When a star gets pulled apart like this, it's called a tidal disruption event (TDE), and scientists have now found evidence that this kind of stellar death could be a whole lot more common than we ever realised.
Up until now, TDEs had only ever been observed in sky surveys gazing at huge star systems encompassing thousands of galaxies. Because of this, astronomers thought that these extreme events were incredibly rare – perhaps occurring only once in a galaxy every 10,000 to 100,000 years.
But a team from the University of Sheffield in the UK has found signs of what they think is a TDE taking place in a much smaller sky survey of just 15 galaxies over a 10-year period.
If they're right, this chance detection suggests that TDEs could be 100 times more frequent than we previously estimated – that is, provided certain conditions are satisfied.
"Each of these 15 galaxies is undergoing a 'cosmic collision' with a neighbouring galaxy," explains astronomer James Mullaney.
"Our surprising findings show that the rate of TDEs dramatically increases when galaxies collide.
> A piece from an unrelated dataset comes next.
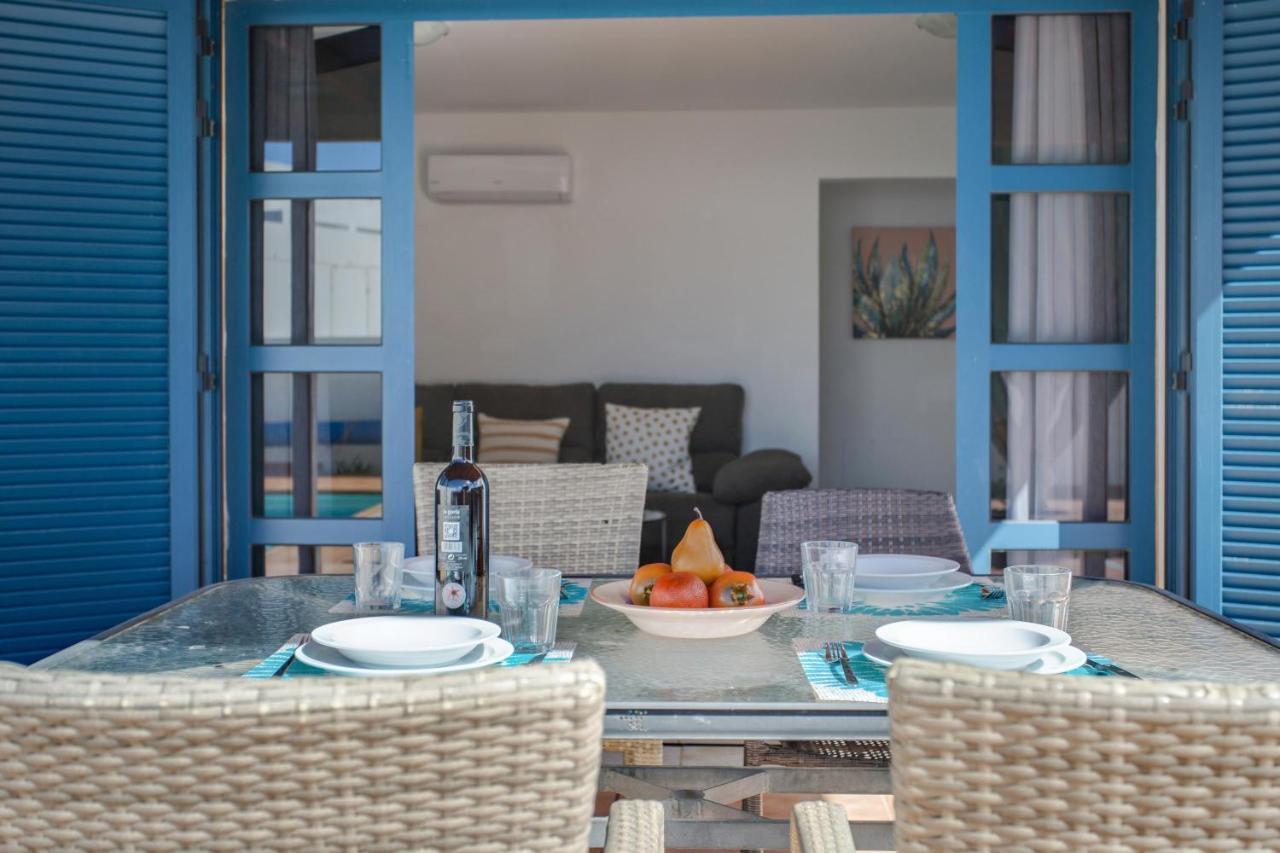 Villa Alegranza Playa Blanca  Esterno foto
This is likely due to the fact that the collisions lead to large numbers of stars being formed close to the central supermassive black holes in the two galaxies as they merge together."
The team first observed these 15 colliding galaxies back in 2005, but when they took another look 10 years later, they noticed something unusual.
"[W]hen we observed the sample again in 2015, we noticed that one galaxy – F01004–2237 – appeared strikingly different," says one of the team, Rob Spence.
F01004–2237 is located some 1.7 billion light years from Earth, and it's what's called an ultra-luminous infrared galaxy – star systems that shine up to 1,000 times brighter in infrared than a galaxy like our Milky Way.
But the 2015 data didn't just show this expected level of intense brightness in F01004–2237, meaning something had happened to the galaxy since 2005.
"This led us to look at data from the Catalina Sky Survey, which monitors the brightness of objects in the sky over time," says Spence.
"We found that in 2010, the brightness of F01004–2237 flared dramatically."
According to the team, that flare wasn't a supernova, and it also didn't look like the light show you'd see when smaller amounts of matter heat up as they fall into a supermassive black hole. Instead, it was characteristic of a TDE.
If they're right, it's possible that TDEs are a lot less rare than we thought – but not everybody is sure that the limited data we have for F01004–2237 actually confirms what the team is suggesting.
"First, let me say that finding a TDE in a starburst galaxy, as these authors seem to have done, is an important discovery, as it has never been seen before," astrophysicist Nicholas Stone from Columbia University, who wasn't involved with the study, told Gizmodo.
"However, I think more follow-up observations may be necessary to confirm this TDE candidate as a true TDE."
If subsequent observations can confirm this is indeed a TDE, then the implications could be major.
It might mean that these violent star deaths are a more commonplace phenomenon due to galaxy mergers – which could teach us new things about the formation of supermassive black holes themselves.
"[W]ith TDEs more common than previously thought, it may be that up to a quarter of the mass of a black hole could [be] accumulated via the swallowing of stars," Mullaney told Rosalie Chan at Inverse.
We'll have to wait and see what future research has to say about this hypothesis, but for their part, the researchers are in no doubt about the bright light emanating from F01004–2237.
"To make helium 'glow' like this requires extreme amounts of energy," Mullaney says.
"Only a few processes can provide this much energy on galaxy-scales, such as stars exploding as supernovae or TDEs. In our case, the way in which [the] galaxy has 'flared' has ruled out a supernova, leaving the TDE as the only possible alternative."
The findings are reported in Nature Astronomy (link down at time of writing).